# Japan



## ckang008 (May 18, 2009)

snowvols said:


> What are the must hit resorts in Japan? I have a buddy moving out there so I am gonna go there for a week or so and ride.


Go to Niseko / Rusutsu in Hokkaido for powder snow. Nozawa Onsen also offers quite good snow.


----------



## snowvols (Apr 16, 2008)

Ok I have found a flight into Japan. I am staying with a buddy of mine that does not ski/snowboard so I am clueless about everything thing. I have done emense amount of research and had several questions for anyone. Is there away to go from train to the mountain like a shuttle service? If there is a shuttle or cab or however I get there how much do they generally cost? Also all of the resorts I have looked at there is no tree riding or off piste it seems at all. Is that the case or am I not looking at the right places? Any good cat skiing also? How much is the train or is there a week or two week pass by chance? I can convert to USD if you dont mind just giving the yen amount. Sorry for so many questions Thanks for any help at all


----------



## killclimbz (Aug 10, 2007)

Tree riding is not encouraged at Japanese resorts but from what I understand it's not illegal to do with maybe the exception of one resort. Evidently going off of the groomed trails is just not thought of much by the Japanese skier/rider. I think that is also becoming less and less of a truth as more people from out West hit up their trees having a blast. 

As far as backcountry goes, it is a scene that is in it's infancy but looks awesome. The new Sweetgrass flick coming out this fall was filmed in Japan. It looks like they got some sweet footy. I've spoken with those guys before and they seem friendly enough. Shoot them an email and see if they'll give you some hints as to where to go for some out of bounds and inbounds spots in Japan. Check out the trailer too. They definitely found the pow.


----------



## ckang008 (May 18, 2009)

killclimbz said:


> Tree riding is not encouraged at Japanese resorts but from what I understand it's not illegal to do with maybe the exception of one resort. Evidently going off of the groomed trails is just not though of much by the Japanese skier/rider. I think that is also becoming less and less of a truth as more people from out West hit up their trees having a blast.
> 
> As far as backcountry goes, it is a scene that is in it's infancy but looks awesome. The new Sweetgrass flick coming out this fall was filmed in Japan. It looks like they got some sweet footy. I've spoken with those guys before and they seem friendly enough. Shoot them an email and see if they'll give you some hints as to where to go for some out of bounds and inbounds spots in Japan. Check out the trailer too. They definitely found the pow.

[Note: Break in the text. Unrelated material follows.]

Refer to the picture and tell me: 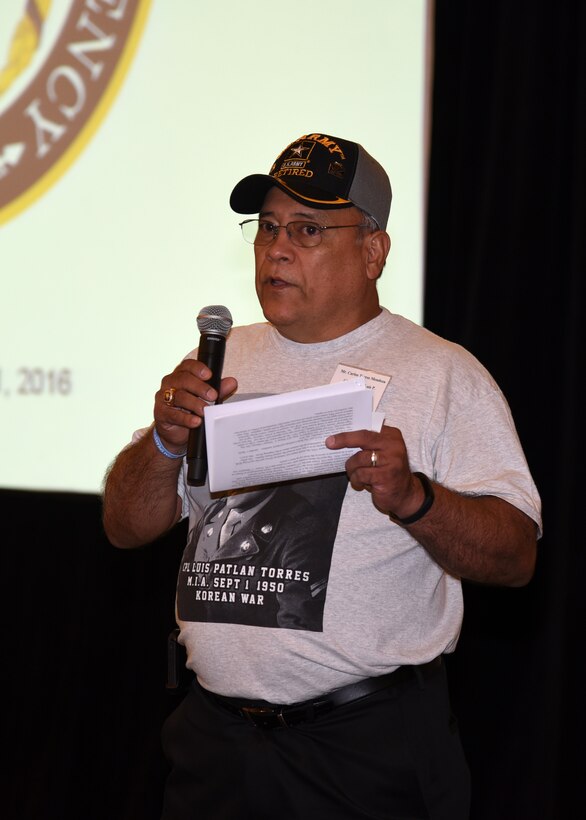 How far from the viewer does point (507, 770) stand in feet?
9.23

It's quite true Japan resort discourage ppl from doing tree riding. Niseko is a good resort to do that but you need to enter specific gates to their backcountry stuff (which is epic!)


----------



## Method (Apr 3, 2009)

Wow those japanese don't know what they're missing!, Tree riding is the best. The Ultimate Ride: Shaun White one of his few backcountry films where he was hitting up the backcountry in japan, THey had some pretty sick footage in it.


----------



## snowvols (Apr 16, 2008)

Thanks Ckang about Niseko. Do a bunch of resorts have gates?


----------



## Guest (Aug 18, 2009)

I rode in Hakuba last season in december. snow was limited but it was still a ton of fun. dying to go to hokkaido though...theres def some sick tree runs there


----------



## brujito (May 11, 2008)

ckang008 said:


> It's quite true Japan resort discourage ppl from doing tree riding. Niseko is a good resort to do that but you need to enter specific gates to their backcountry stuff (which is epic!)


where are these gates you speak of?


----------



## ckang008 (May 18, 2009)

brujito said:


> where are these gates you speak of?


it's mapped on the trail maps. Plenty of places in Grand Hirafu and Annupuri for it. My favorite is going to the top of Grand Hirafu and board down to Hanazomon area


----------



## Reede (Feb 16, 2009)

I did Niseko in January, the powder there is beyond epic.

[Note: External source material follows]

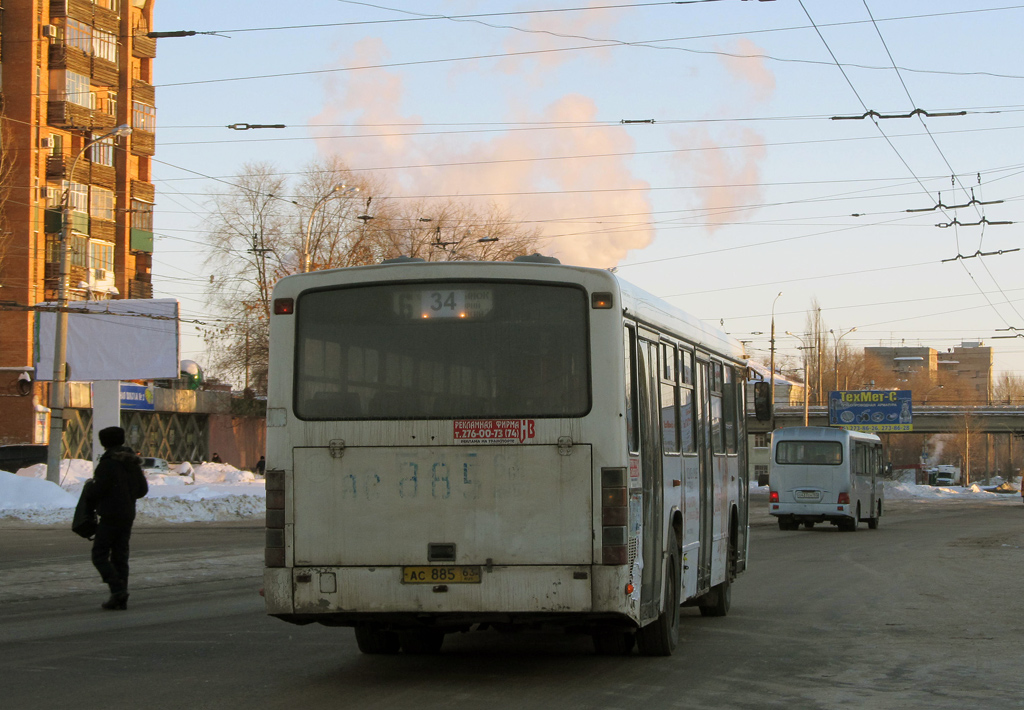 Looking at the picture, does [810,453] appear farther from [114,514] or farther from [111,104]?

Trail map here: http://www.niseko.ne.jp/en/map/08-09_nfp_trail_map_e.pdf

Niseko are one of the few resorts in Japan that allow access to off piste areas via gates and they give daily advice on avalanche danger as well, altho there are still a few regular runs that are incredibly easy to swing off into the trees for some good turns without crossing any boundaries at all (My pick is Rinkan, look it up on the trail map) Other runs like Miharashi are utter goldmines on a good snow day (I got buried in near shoulder deep powder at one point, its actually kinda scary)

The most well known gated run at Niseko is probably Strawberry fields tho, look for Hanazono Hooded Quad #1 (far right) and see at the top of the chairlift there is a little G in a diamond shaped symbol, that is the gate to strawberry fields that goes straight down through the trees to the bottom of the Hanazono area.

Look around the trail map for other gated areas. They can be a bit hard to find and if you go through a tour agency then their guides can usually give you some hints on the lesser known areas to hit.

I am trying my best to get back there again in Jan, altho there is a chance we may go to Hakuba so we can see a bit more of Japan. But for the best quality snow, Hokkaido just blows the rest out of the water. Niseko in particular.

Rusutsu is also highly regarded for its good tree runs as well, I dont think there is any real anti-tree kind of sentiment in Japan, its more to do with ducking ropes that they are very strict about.


----------



## snowvols (Apr 16, 2008)

Thanks for the AWSOME response. That helps out so much


----------



## hardliner (Aug 29, 2009)

Niseko is probably the best place to visit in Japan. 

Niseko is the second snowiest resort on the globe (595 inches﻿ = 15.1 metres average) and with a mere 8% water quantity, the snow is super dry and deep and provides some of the most exhilarating powder boarding experiences anywhere in the world. The Hanazono area with its North East Aspect is renowned for its extra dry snow and receiving that little bit more than the rest as the storms from Siberia hit their first.

You can climb the Peak (1308)to experience 1,000 vertical meters of perfect deep pow all the way down to Hanazono 308 where the Japanese Good luck bells are mounted at exactly 308m.

On a clear day, this climb which takes about 15 - 20 mins is rewarded with the ultimate ride experience, where views from the Peak are truly awe-inspiring, spanning from the slopes of nearby Mt Yotei (the North Island’s answer to Mt Fuji) all the way to the ocean’s edge.

YouTube - Niseko Powder Japan snowboarding ニセコ


----------



## zaskar23 (Oct 4, 2009)

Was in Hakuba this last Feb and it was OK, not great by any means and yes they do not like tree runs there saw a few people get there lift passes taken! Worth it for the experience but not the snow is what I say well from what we got in Hakuba anyway, up north is way better from what I hear.


----------



## rlee17 (Oct 9, 2009)

Hakkoda is a must... http://www.hakkodapowder.com/.


----------